Random Forest model with environmental longitudinal data

Hi all,

I have 16S data from environmental samples (rocks) collected at irregular intervals as a fixed-site time series. We have multiple sites, some of which became inaccessible over the course of the study or we started sampling at a later time.

I am interested in training a random forest model to predict the age of a sample using the qiime sample-classifier regress-samples plugin.

I was wondering if anyone could provide insight on the feasibility of using a random forest model on longitudinal data like this? Based on the reading I have done (e.g., see this paper), I believe fixed-site longitudinal data violates the assumptions of a random forest model since it is correlated data.

I have of course used linear mixed effects models on my data (as well as other suggested longitudinal analyses in this tutorial), but I thought it would be very interesting to be able to predict the age based on all of the features.

Perhaps a way to do this would be to perform site-level bootstrapping? Although I do not think qiime can do this at the moment.

Any suggestions on how to proceed would be greatly appreciated.

Nathan

1 Like

Hi @nkhadland,
There is a new plug-in for qiime2 for bootstrapping! q2-boots :hiking_boot:
I hope this is helpful to you!
--Hannah

Hi Hannah,

Thanks for pointing to this. If I understand correctly, random forest models like in qiime sample-classifier regress-samples have bootstrapping built in by definition. I was more curious if metadata defined (e.g., site-level) bootstrapping was possible in qiime, and if that would solve the correlated data problem associated with fixed-site longitudinal data (or if that is a problem I should be concerned with at all). It doesn't appear that the new plugin you suggested works with sample-classifier.

Iā€™m open to suggestions for alternative routes. Perhaps this is a long shot, but does anyone have experience in predictive sample classification with longitudinal data, such as mixed effects regression tree/forest (MERT) models?

Thanks :slight_smile:

Nathan

Hi @nkhadland ,
If I understand correctly (but I skimmed the paper quickly so maybe I missed the point), it sounds like the concerns raised in that paper about use of RF models with longitudinal data is rather about forecasting outcome targets, e.g., training a model on longitudinally sampled data to predict if a patient will develop disease, or if a soil sample is polluted. The reason being that autocorrelation between these samples (as the same site/patient is sampled repeatedly and will share many of the same features over time) will lead to information leakage as the target value (e.g., outcome, or if a site is polluted) is constant across all samples from the same site. Hence why different stratification procedures are proposed, e.g., for training on some sites and testing on a hold-out set of sites not used in training.

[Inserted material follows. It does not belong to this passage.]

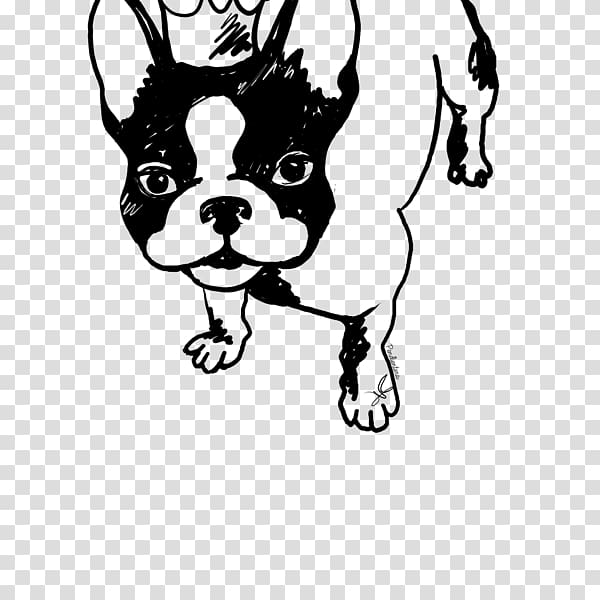 French Bulldog Boston Terrier Puppy Pug, bulldog frances transparent background PNG clipart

However, in your case you do not want to predict an outcome or target that is dependent on site (e.g., predicting an outcome that is fixed for each site, or predicting which site a sample came from), you want to predict timepoint, which is independent of site.

There is quite some precedent for predicting timepoint with RF models, e.g., for predicting age as done in this paper: Persistent gut microbiota immaturity in malnourished Bangladeshi children | Nature

So as long as you do not have, e.g., duplicate samples from a site that could leak information about the temporal signature at that site, it should be okay to try predicting timepoint in your data with a RF regressor.

You could also try cross-validating across site ā€” this would be possible with q2-sample-classifier plus a bit of python (or technically using q2-feature-table, but this would be a little more awkward) to create your training-test set split manually by holding out one site at a time and training your RF regressor directly on the remainder, then predicting values for the hold-out set. This latter approach is basically what is described in that paper, and should be robust (as long as you do not have correlation between sites, e.g., because they have spatial autocorrelation effects), but it might not be necessary to take such a complicated approach given that you want to predict time, not a site-dependent target.

2 Likes

HI @Nicholas_Bokulich

Thanks so much for this context, this is really helpful!

Nathan

This topic was automatically closed 31 days after the last reply. New replies are no longer allowed.